With an MBA from Stamford, Coulombe went to work for Rexall Drugs in 1958, “where he was tasked with creating a group of convenience stores similar to 7-Eleven. He worked without pay in a grocery store to better understand the business. The new chain was called Pronto Markets, and when Rexall eventually decided to shut it down, Coulombe bought the locations and ran the stores himself,” Charisse Jones writes  for USA Today.

“But in 1967, 7-Eleven was opening more locations in California. Rather than taking them on, Coulombe decided to launch a new, vastly different chain,” Jones continues. 

“Part of Coulombe’s strategy was producing a store brand of as many products as he could, cutting the cost of production and delivering those savings to customers.
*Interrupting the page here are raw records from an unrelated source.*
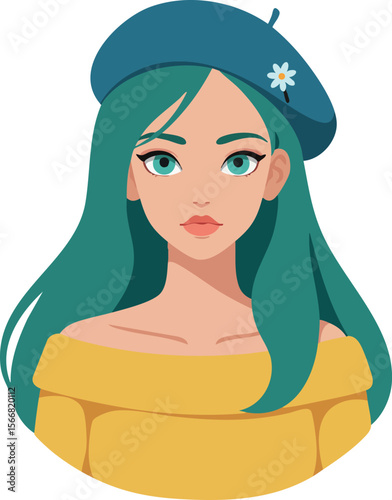 Young woman with teal hair wearing blue beret and yellow off shoulder top portrait illustration 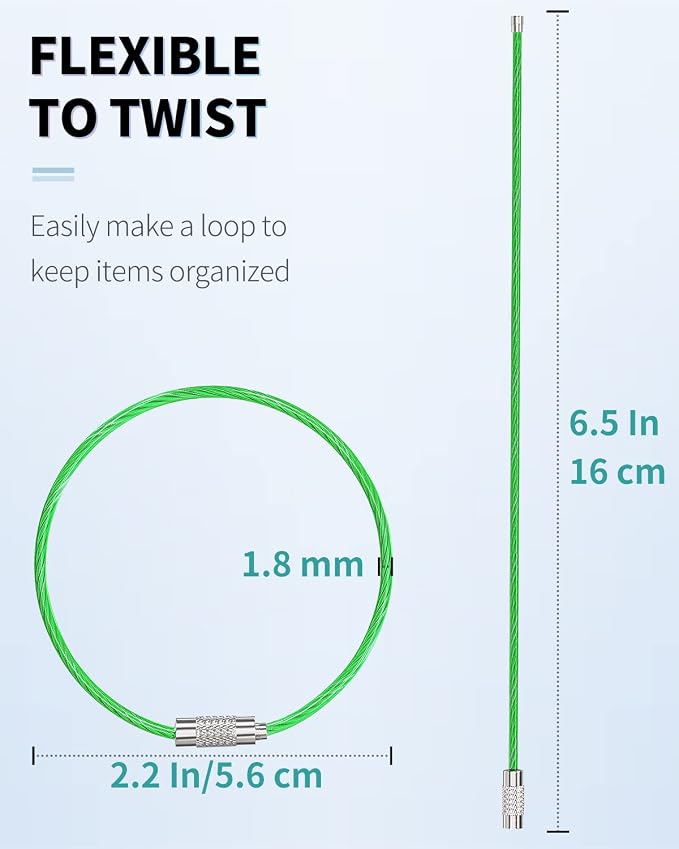 Uniclife 4 Inch Wire Keychain Cable Heavy Duty Stainless Steel Key Ring | Large Holder for Luggage Tag Keeper Travel, 1.8 mm Braided, 4.8 Inch Length, 1.6 Diameter, 80 lbs Hold, Corrosion Resistant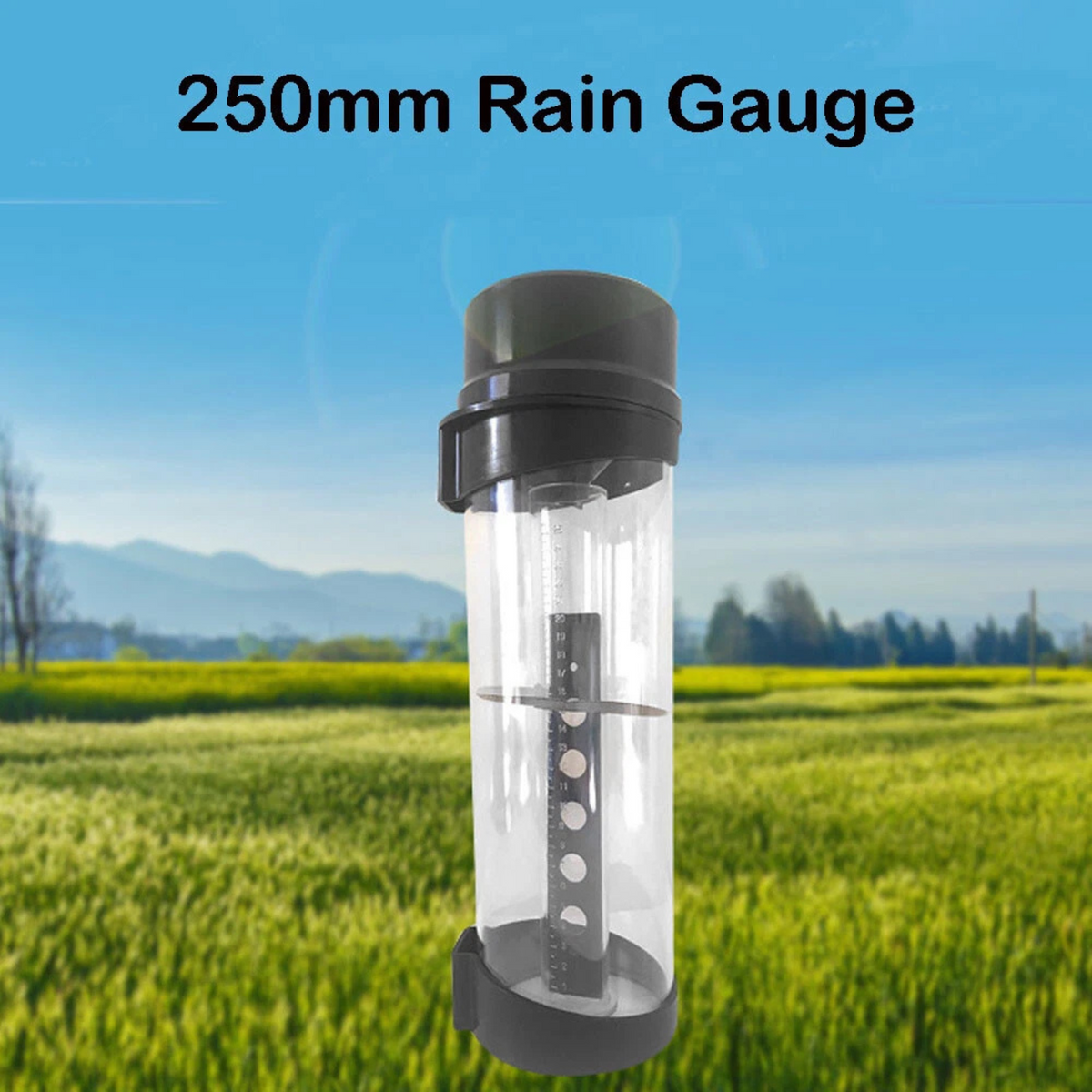 250mm Outdoor Rain Gauge with Clear Measurement Scale and Easy Mount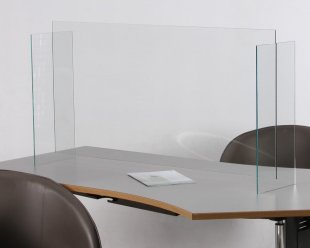 Corona-Infektionsschutz-Tischaufsteller aus Echtglas für Seminarräume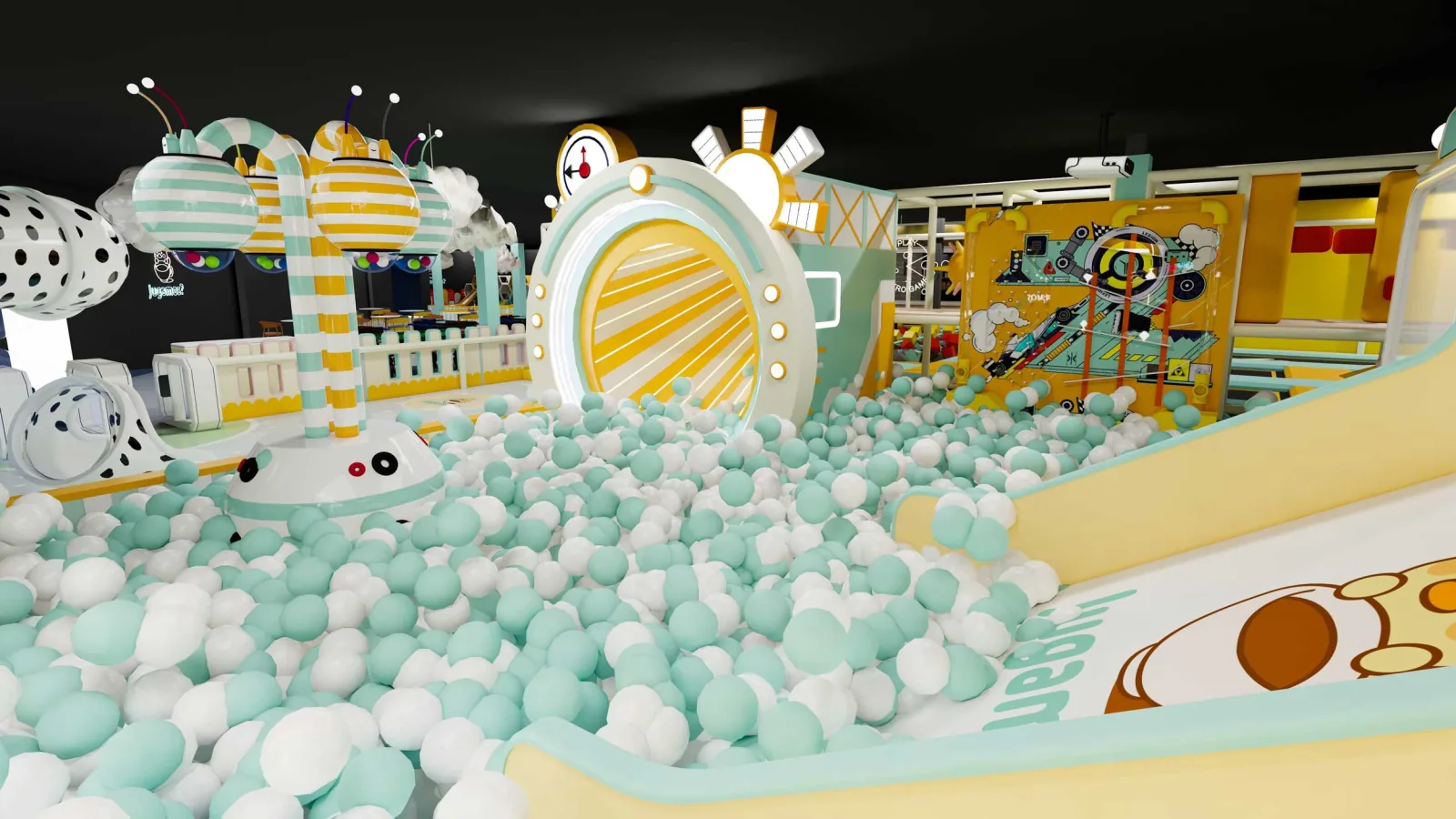 Vista panorámica de la piscina de bolas y las estructuras de juego de Jugamos Park L’Ametlla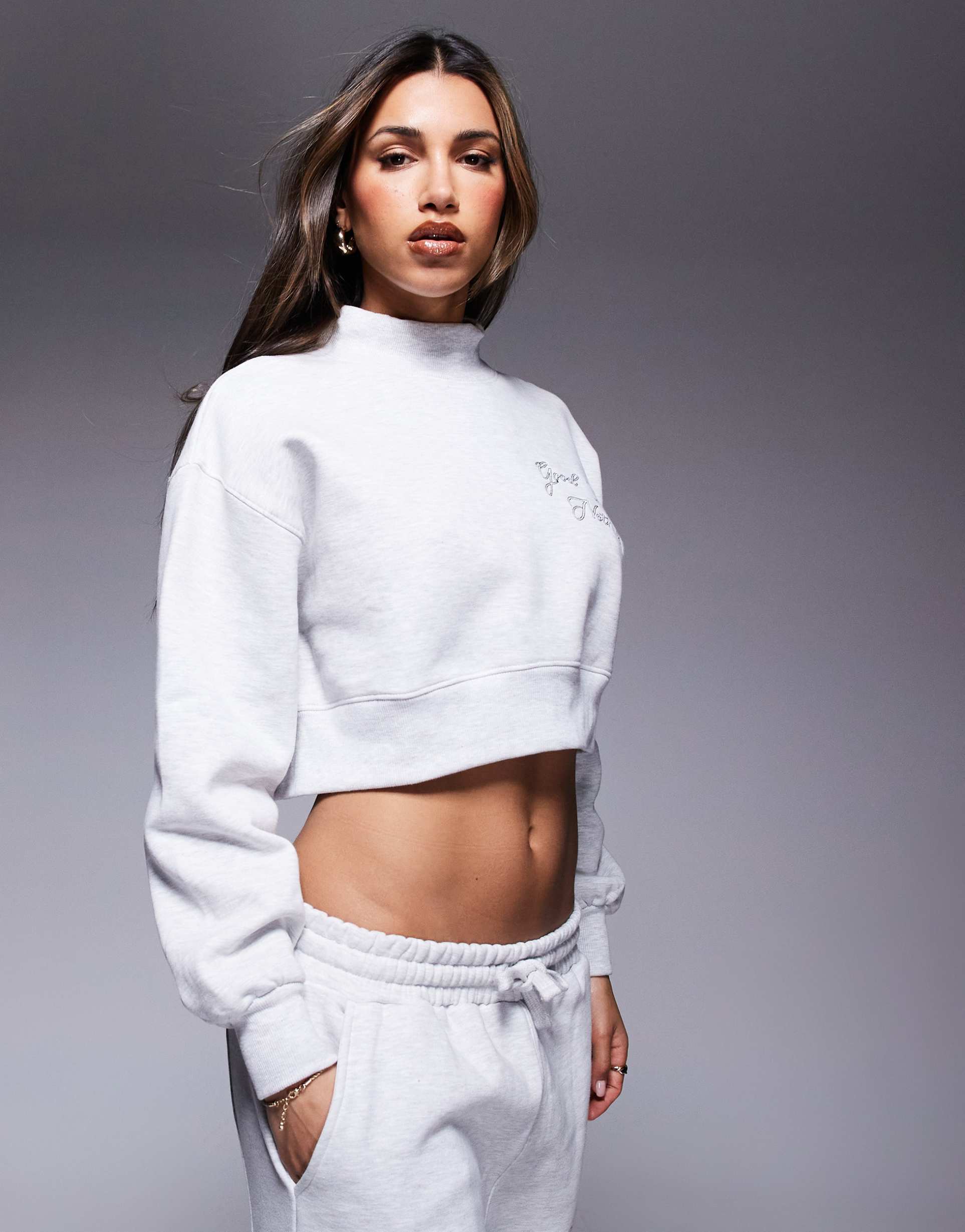 good for nothing high neck overlock sweatshirt in gray heather - part of a set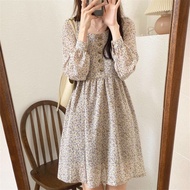 Very pretty babydoll floral dress made of 2-layer soft chiffon VLT18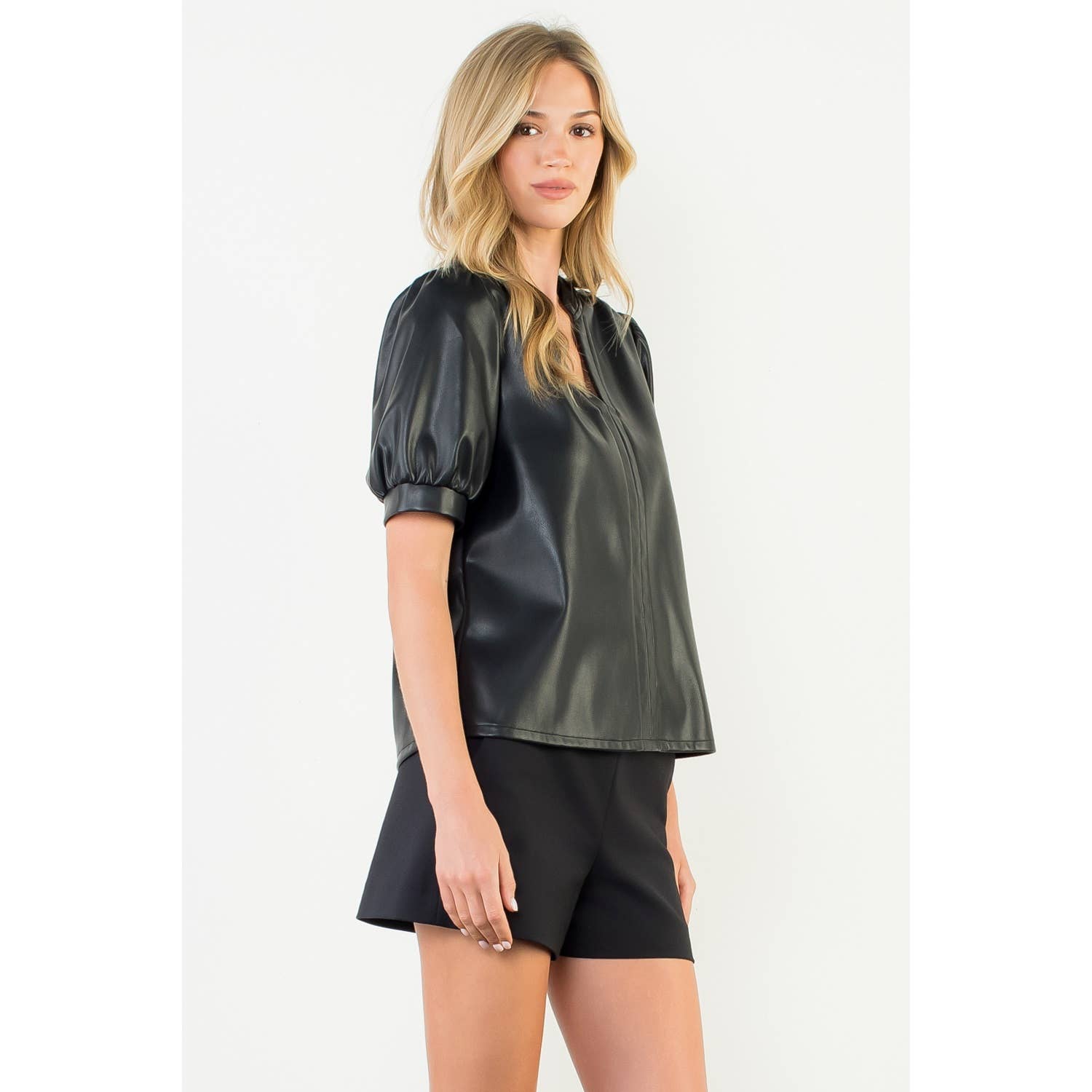 Puff Sleeve Leather Top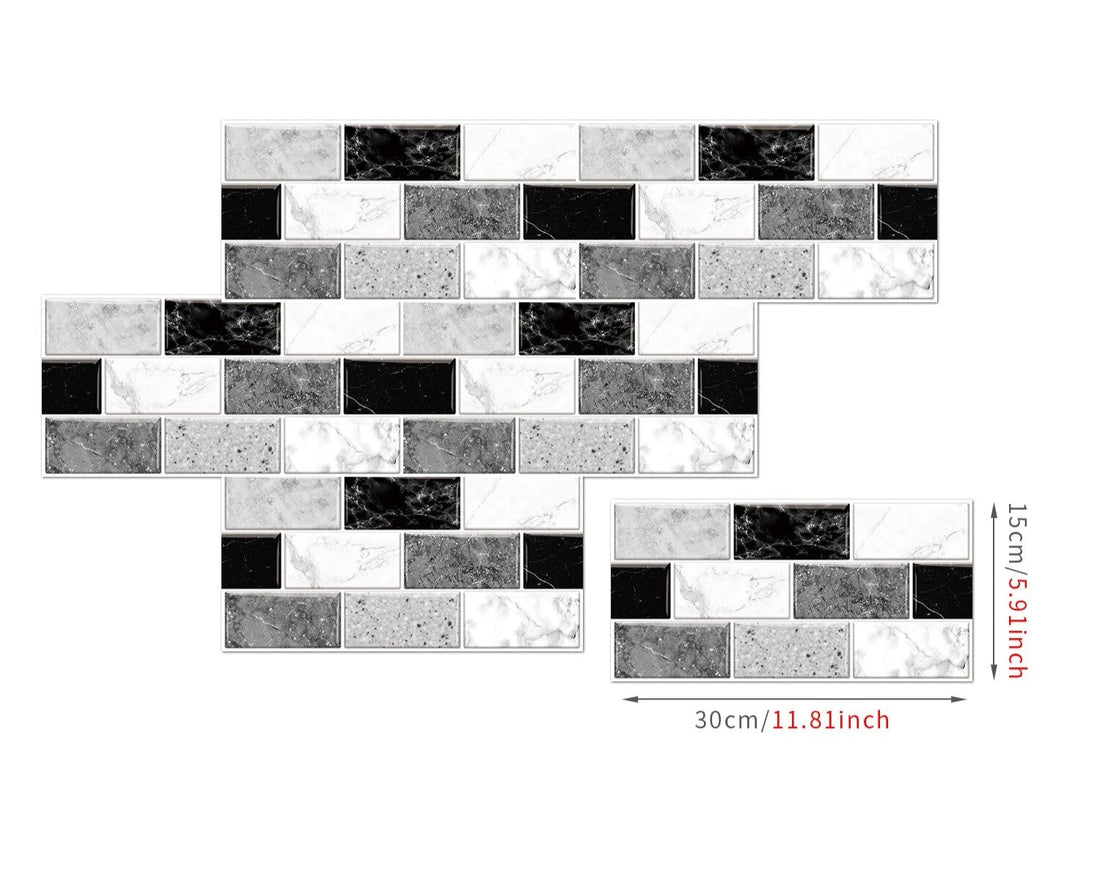 Anyhouz Wallpaper White Black 18 Pcs Waterproof Self Adhesive Removable 3D DIY Modern Marble Tile Wall Sticker Home Decor-Wall Paper-PEROZ Accessories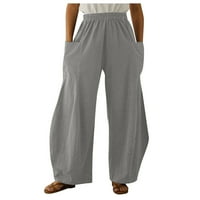 Ljetne radne pantalone za žene casual pantne odijele za žene džepove široke labave posteljine ženske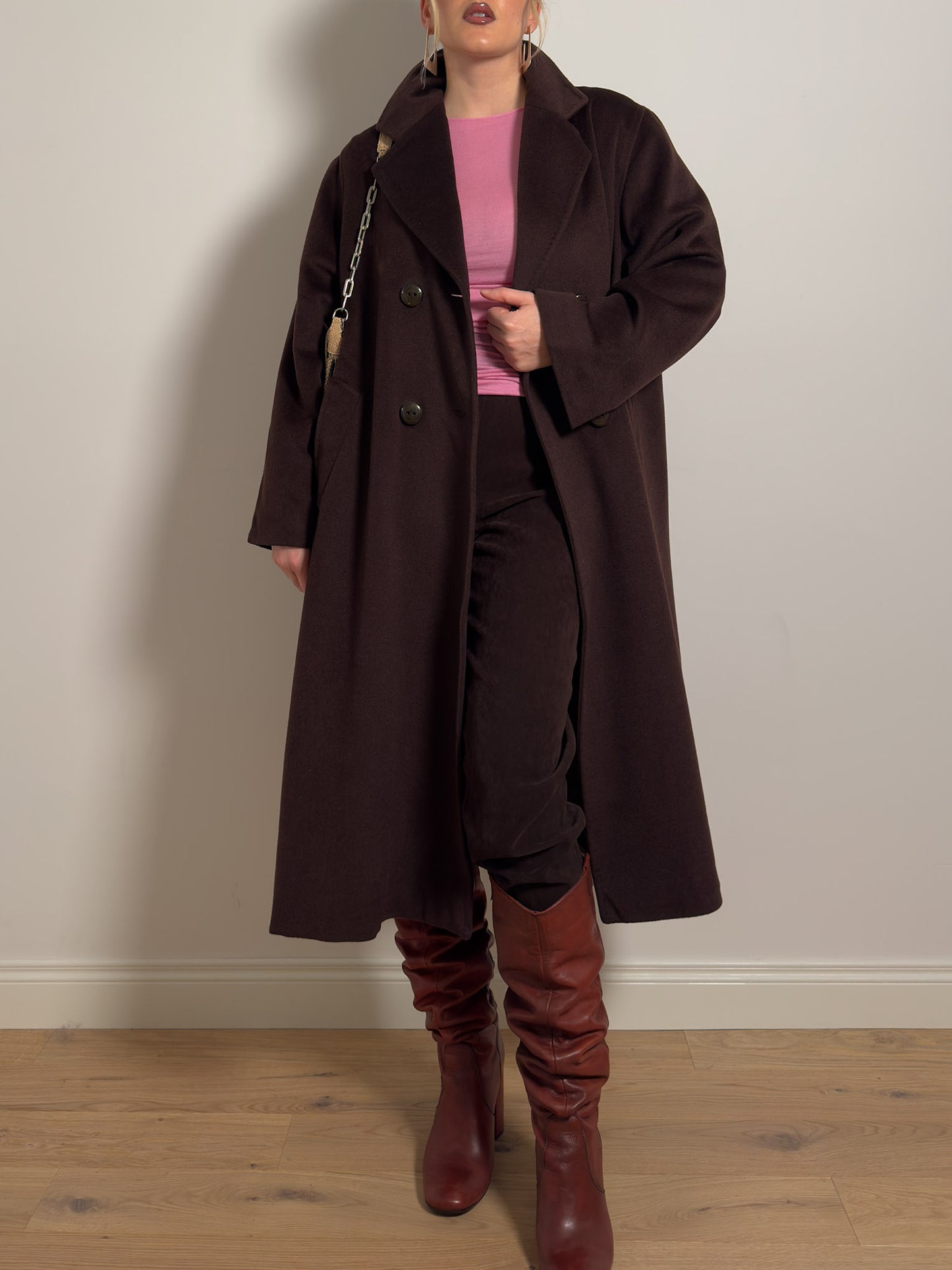 Pierre Cardin pure wool chocolate coat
He would also stop selling an item if it wasn’t in season or easily available, meaning the store’s stock was always changing,” Meryl Kornfield writes for The Washington Post.

“Trader Joe's helped change the way Americans shop for groceries, introducing markets stocked with staples and novel food items from private labels, with most packages carrying the Trader Joe's moniker. Some items became so popular they earned their own nickname, like ‘Two-Buck Chuck,’ the Charles Shaw brand of wine that sells for less than $3,” writes  Victoria Cavaliere for CNN Business.

“Coulombe prided himself on paying his employees well and on an ever-changing display, one of the things that set him apart from supermarkets…,” Neil Genzlinger writes  for The New York Times. “Another point of pride for Mr. Coulombe was that someone taste-tested what he sold. Sometimes it was a staff member. Often it was Mr. Coulombe himself.”

“I must sample about 4,000 wines a year,” he told The New York Times in 1987. “Of course, we don’t buy them all.”

“Beth Kowitt, who reported on the company for Fortune magazine, explained the company's process to NPR in 2010,” writes  NPR’s Colin Dwyer. “‘They buy directly from producers whenever possible, which takes out a lot of costs. So there are no middlemen involved. So they're not going through distributors,’ Kowitt said. ‘Also, because they’re buying in such large volume, they can secure large discounts from producers.’”

“In the end, the names, the types of products, the exotic decor -- it continued to have a particular consumer in mind,” Dwyer continues.

“‘All this stuff aimed at the subliminal,’ Coulombe said in 2005, ‘so that when the well-educated person walks down the aisle they know, without anything shouting at them, they know that they are in an outlet aimed at the well-educated person.’”

Indeed, retail consultant Giovanni Rodriguez believes that Traders Joe’s “most important innovation and contribution to food retail [is] if you happen to be one of its loyal customers, chances are you actually enjoy shopping there. 

“You like the general-store feel and vibe. You like the nautical themes (cf. Starbucks), which unconsciously stimulate your sense of adventure when sailing through the aisles. You like that the staff wears cheap Hawaiian shirts, so boldly defying corporatism and color palette. And, chances are, you also like that your fellow travelers are sometimes just as silly as the staff, like the creator of this 2009 unauthorized video. Who needs advertising? The customers are the agency, another innovation presaged by TJ’s,” Rodriquez writes for Forbes.